There is a command illustrate but it throws an exception on my deployment. So I use another approach.
You can get the information on how many MR jobs are scheduled by using explain command and looking at the Physical Plan section, which is at the end of the explain report. To get the number of MR jobs for the script I do the following:
./pig -e 'explain -script ./script_name.pig' > ./explain.txt grep MapReduce ./explain.txt | wc -l
Now we have the number of MR jobs planned. To monitor script execution, before you run it, you need to access Hadoop's jobtracker page (via "http://(IP_or_node_name):50030/jobtracker.jsp") and write down the name of last job (Completed Jobs section). Submit the script. Refresh the jobtracker page and count how many running jobs there are and how many are completed after the one you have noted. Now you can get an idea of how many jobs are left to be executed. Click on each job and see its statistics and progress.

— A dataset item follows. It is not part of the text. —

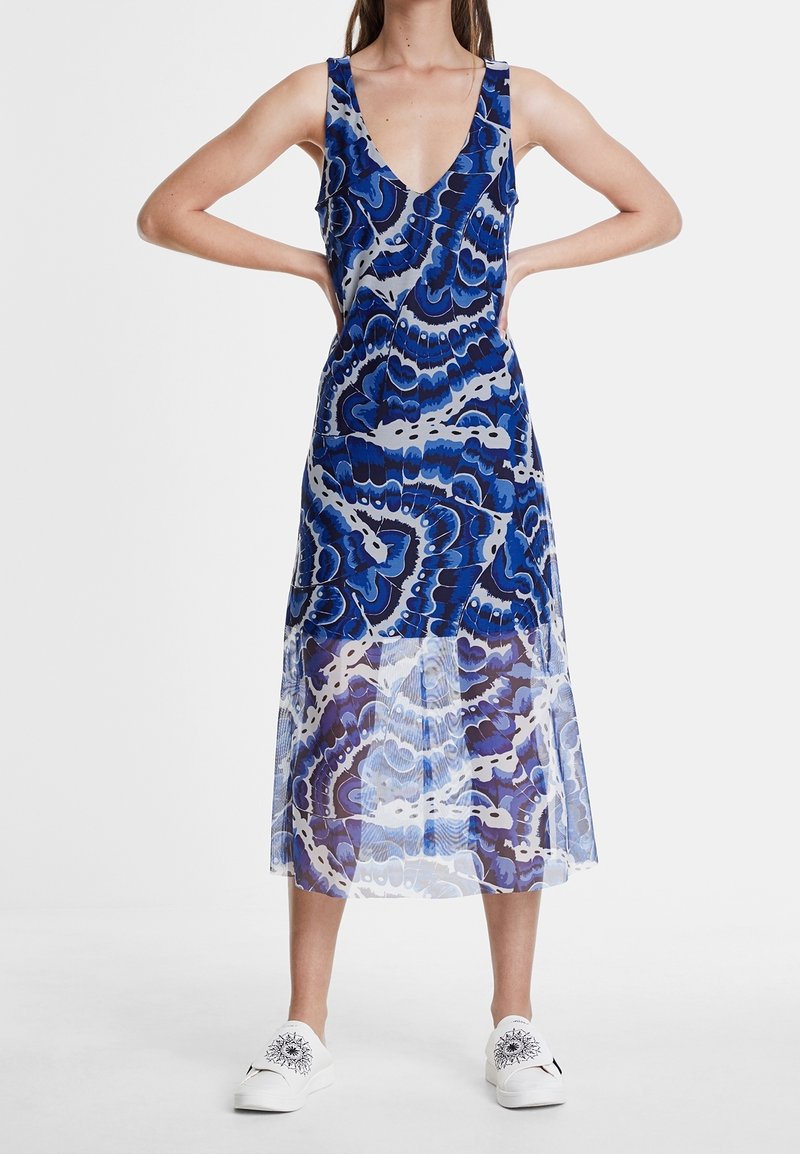 Robe midi sans manches à motifs bleus et blancs avec décolleté en V, portée avec des baskets blanches à enfiler ornées de motifs de soleils noirs.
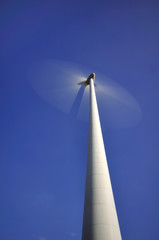 Grande éolienne en mouvement sur fond de ciel bleu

A much simpler approach would be to run the script on a small dataset, note down the number of jobs, it is displayed on the console output after the script execution. As pig does not change its execution plan, it will be the same with the big dataset. By looking into stats of each job on Hadoop's jobtracker page (via "http://(IP_or_node_name):50030/jobtracker.jsp") you can get the idea of the proportion of time each MR job takes. Than you can use it to approximately interpolate the execution time on large dataset. If you have skewed data and some Cartesian products, execution time prediction might become tricky.
We had the same problem at Twitter, as some of our Pig scripts spin up dozens of Map-Reduce jobs and it's sometimes hard to tell which of them is doing what, reason about efficiency of the plan, understand how many will run in parallel, etc.
So we created Twitter Ambrose: https://github.com/twitter/ambrose
It spins up a little jetty server which gives you a nice web ui that shows the job DAG, colors the nodes as the jobs complete, gives you stats about the jobs, and tells you which relations each job is trying to calculate.